On 14/10/2025 11:11, Andrei Lepikhov wrote:
> For me, the ideal place for such a hook is CheckPointGuts, right between 
> the CheckPointBuffers call and fsyncs. I think that to demonstrate how 
> this hook can work, the pg_stat_statements storage may need to be 
> redesigned slightly.
There are two patches: 0001, which is the checkpoint hook itself, and 
0002, which includes an example and a trivial test.

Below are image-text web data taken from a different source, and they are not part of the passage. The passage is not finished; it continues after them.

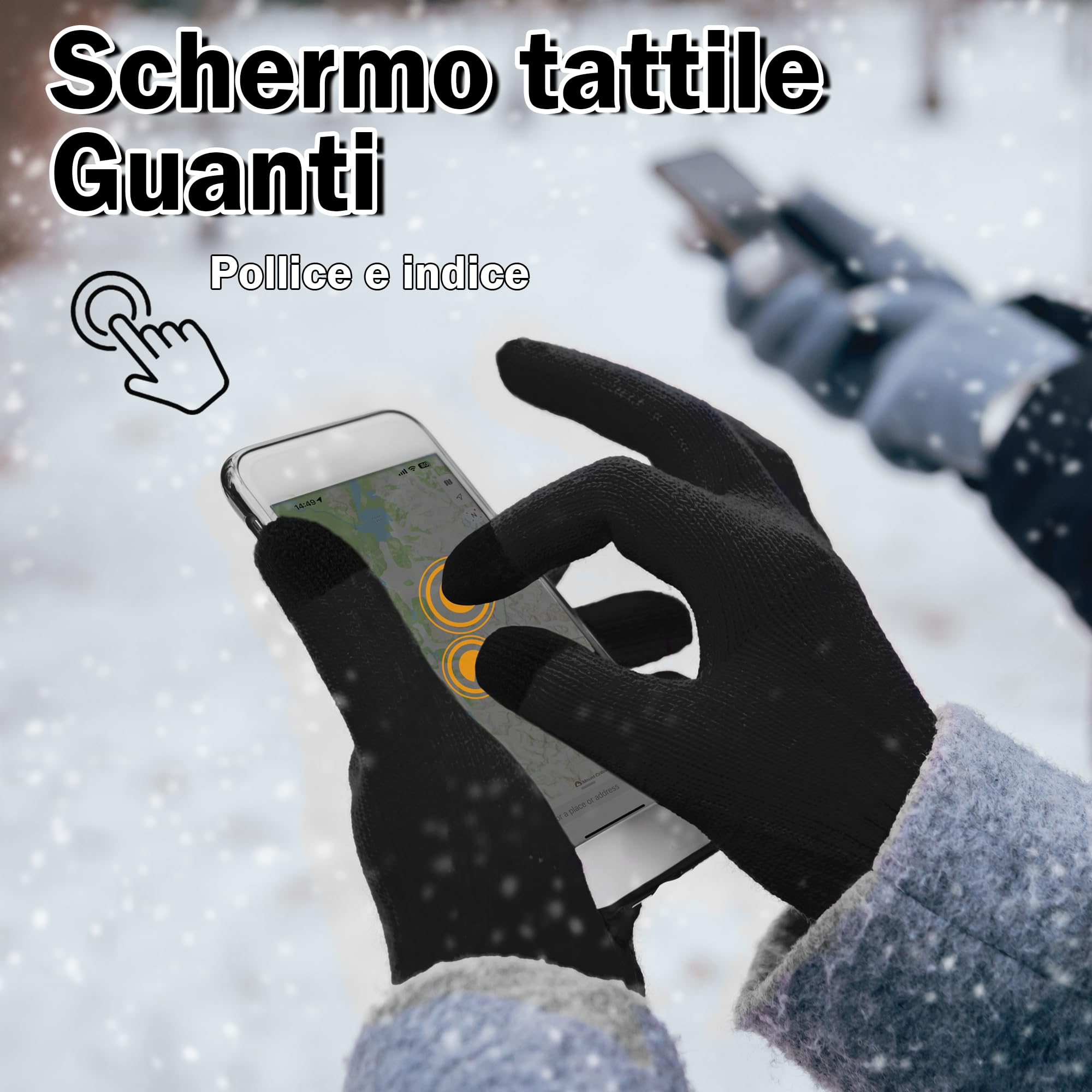 ineepor Guanti Invernali Uomo Donna,Guanti Touchscreen di Alpaca Termica,Guanti in Calda Lana Antiscivolo per Guida Computer Smartphone Lavoro,Guanti Sportivi Anti-Freddo per Sci,Ciclismo,Moto,Corsa
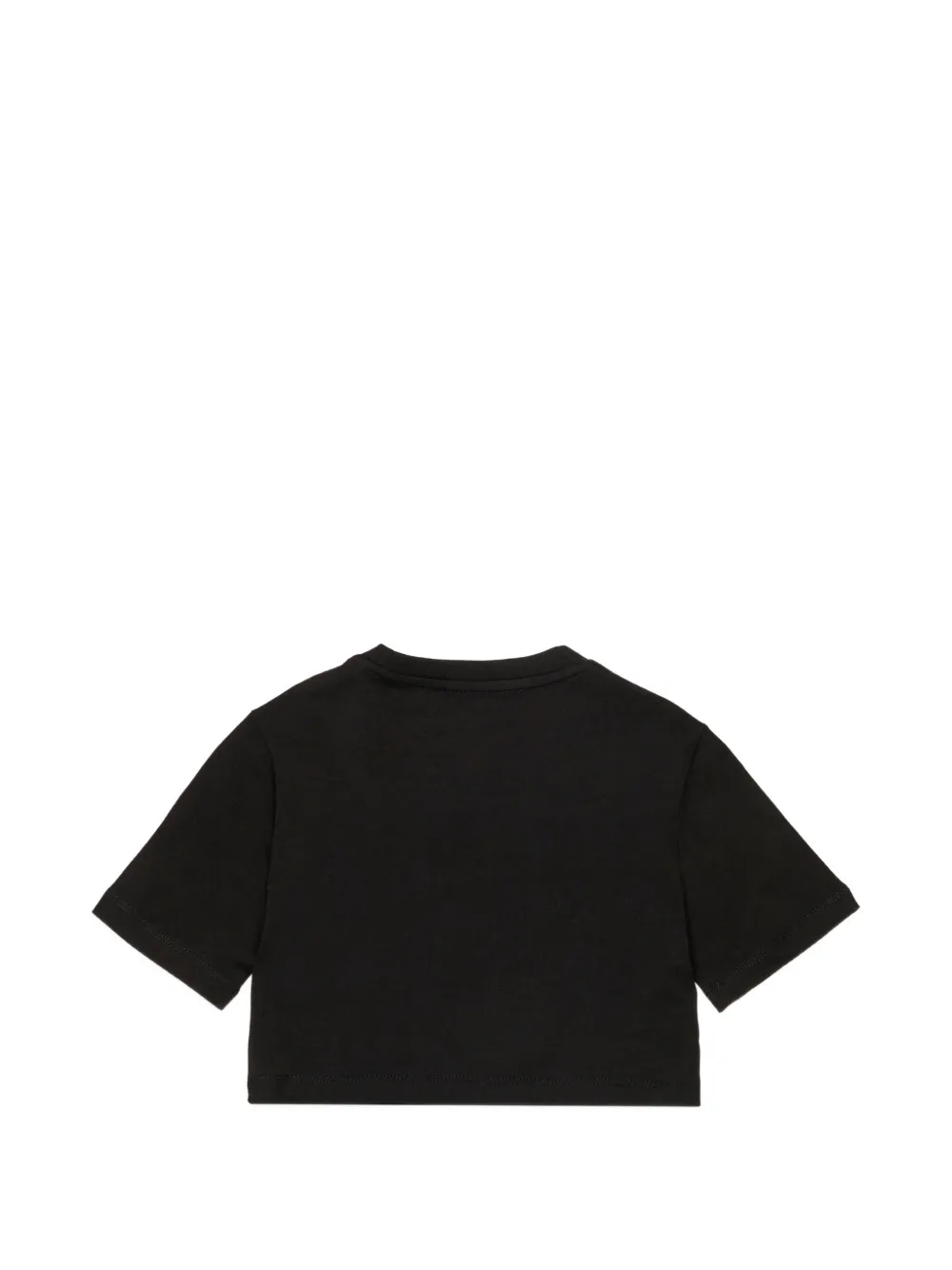 Diesel Kids Cropped T-shirt met hartprint Zwart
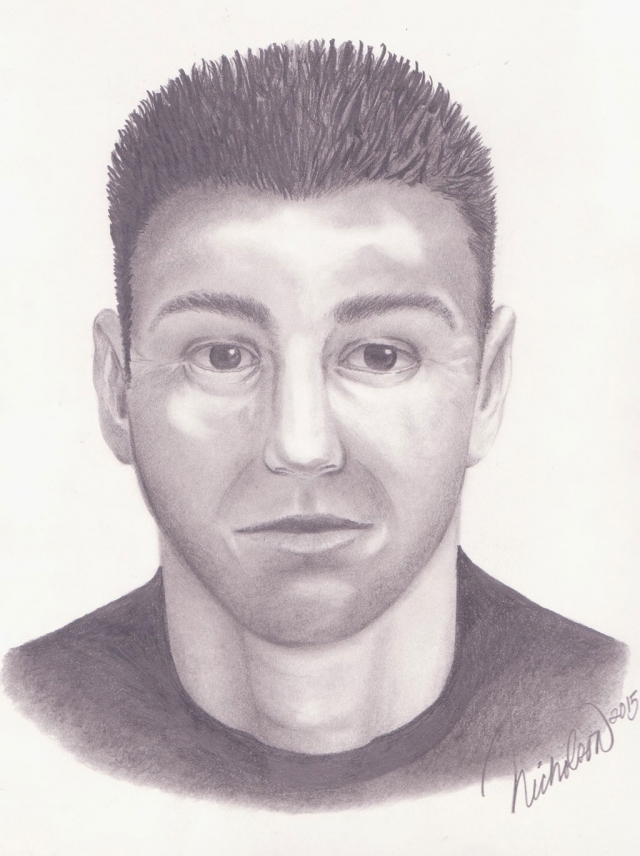 The suspect is described as an adult Hispanic male, 5’8” and 150 pounds with short spiked hair. He may be associated with a silver compact vehicle. The attached sketch is a depiction of the suspect.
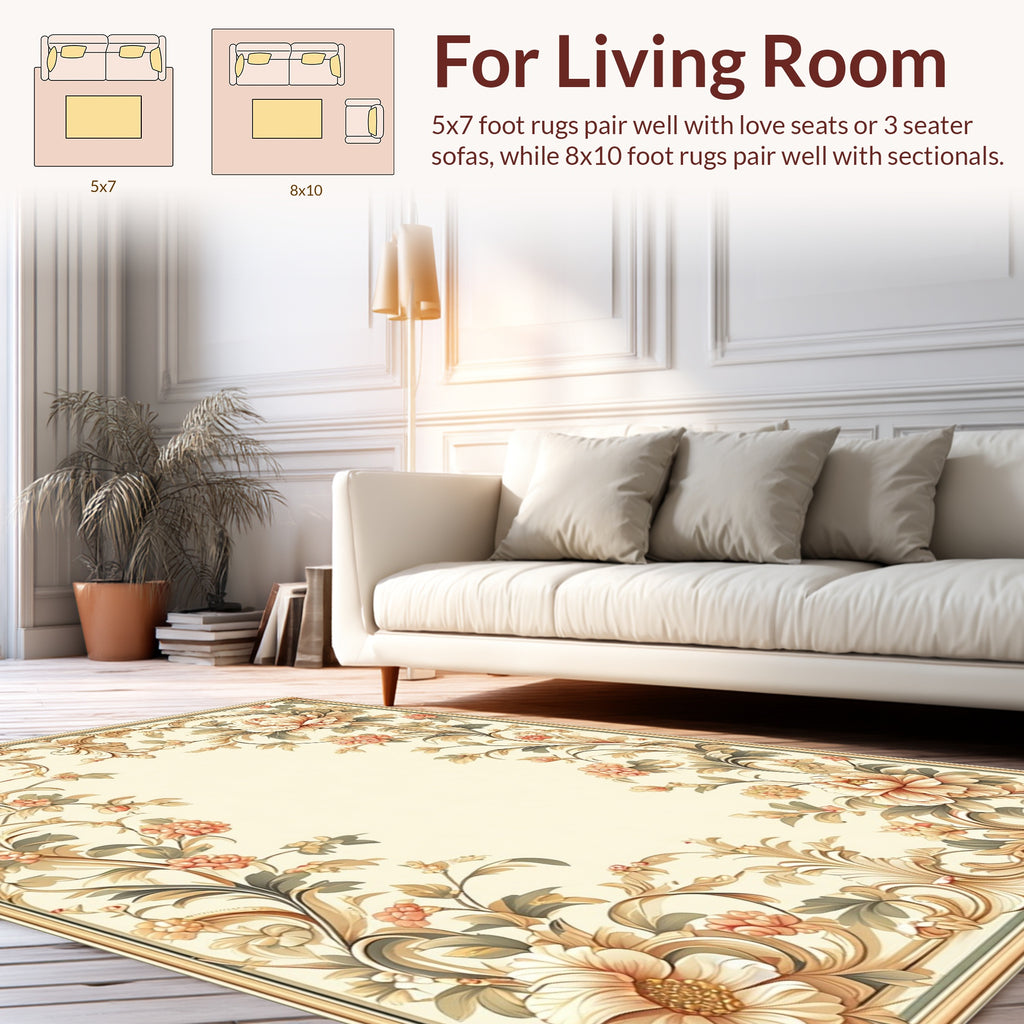 Floral Vine Scrollwork Cream Rug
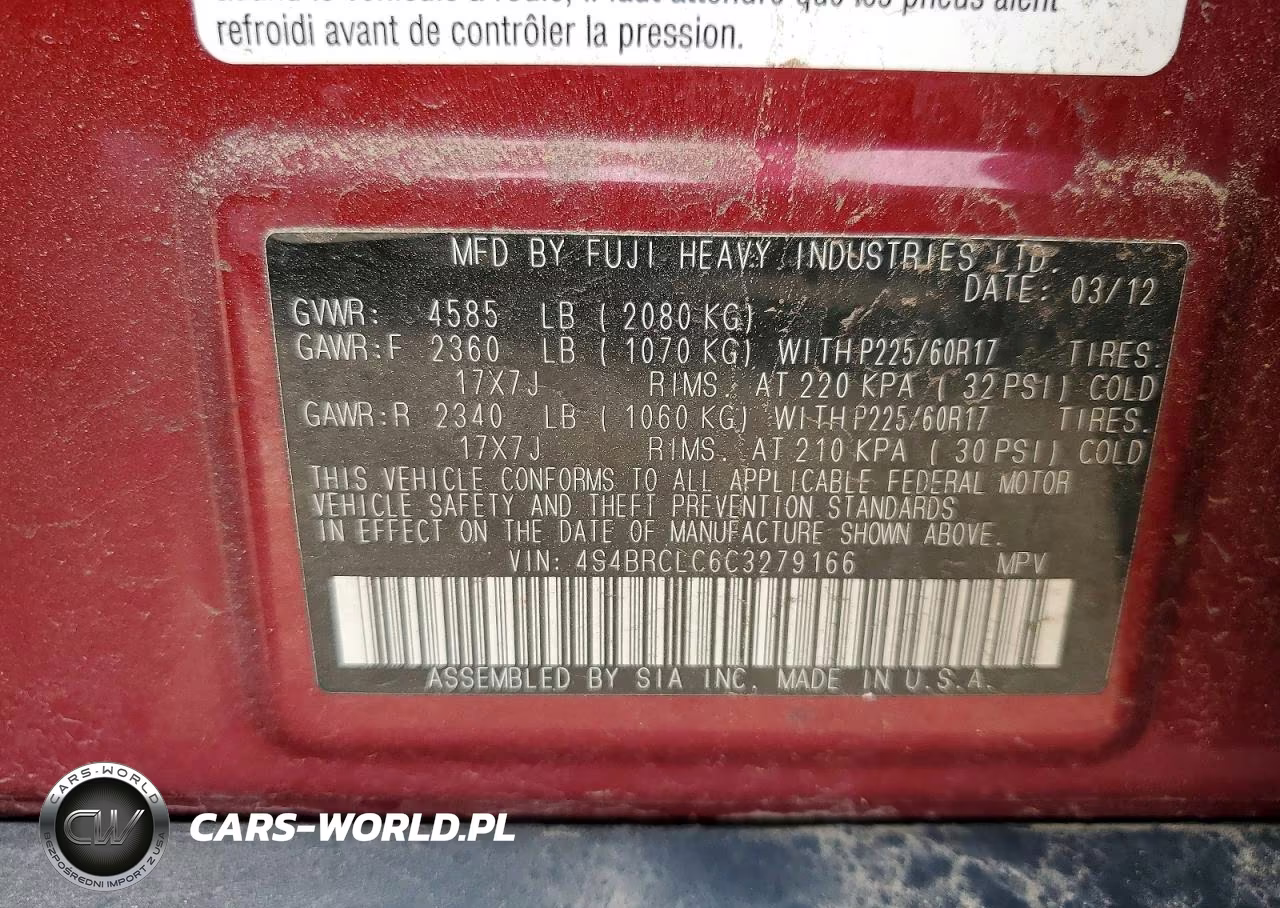 2012 Subaru Outback 2.5I Limited VIN:4S4BRCLC6C3279166 - 12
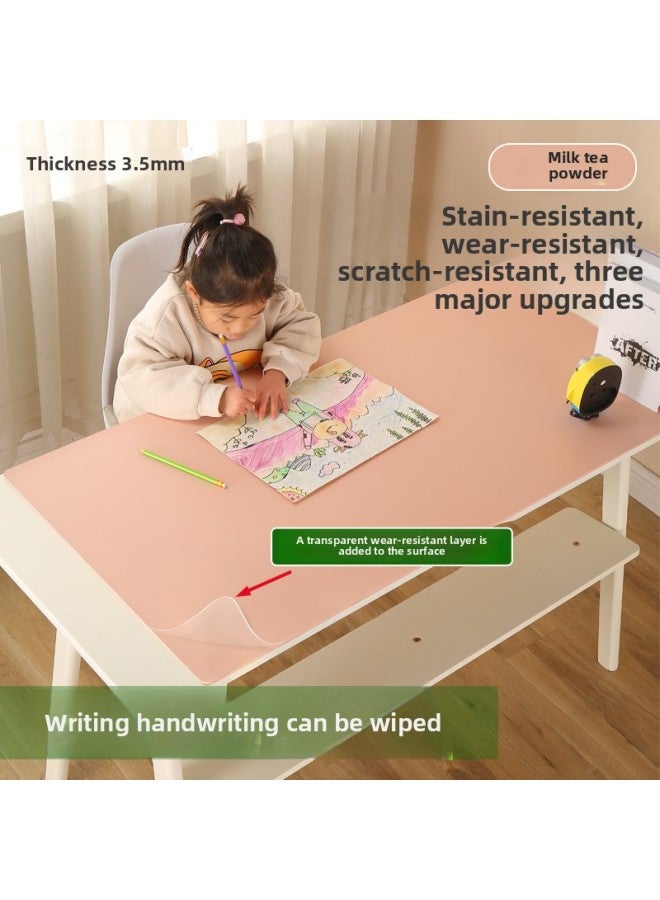 Office Desk Mat Writing Mat Oversized Waterproof Desk Mat Writing Desk Pad For Children And Students Study Desk Mat-Color:1100x500mm-3.5mm-Pattern:Milk Tea Powder 【upgraded Model】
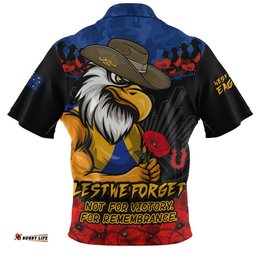 West Coast Eagles Zip Polo Shirt ANZAC Day Not For Victory For Remembrance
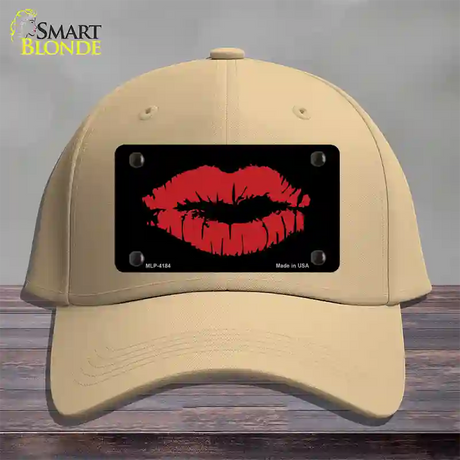 Full Red Lips Novelty License Plate Hat Cotton / Khaki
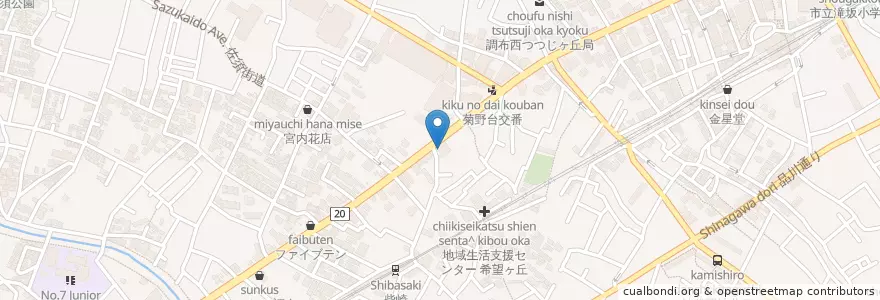 Mapa de ubicacion de 八千代銀行 en Japonya, 東京都, 調布市.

During development, I attempted to apply it in my different modules and 
realised that the hook is preferred over an RMGR callback - I don't 
actually want to be forced to register RMGR in each project and have it 
loadable on an instance startup. In lightweight modules, I want to keep 
my knowledge base relatively close to the current state of the instance.
Nevertheless, the plan freezing extension (for example) needs to ensure 
that the user's query plan is 'frozen' after the function call. 
Therefore, we need to store the decision made in the WAL, which requires 
dumping the state into a file before performing the WAL cut. 
Additionally, I'd like to experiment with synchronising an extension 
state between master and replica through WAL records, as most 
optimisation recommendations are relevant to both instances.

Patch 0001 contains a hook that is called once after all checkpoint 
preparations have finished. I recall that people mentioned it might be 
helpful for AMs as well - feel free to propose changes to this patch.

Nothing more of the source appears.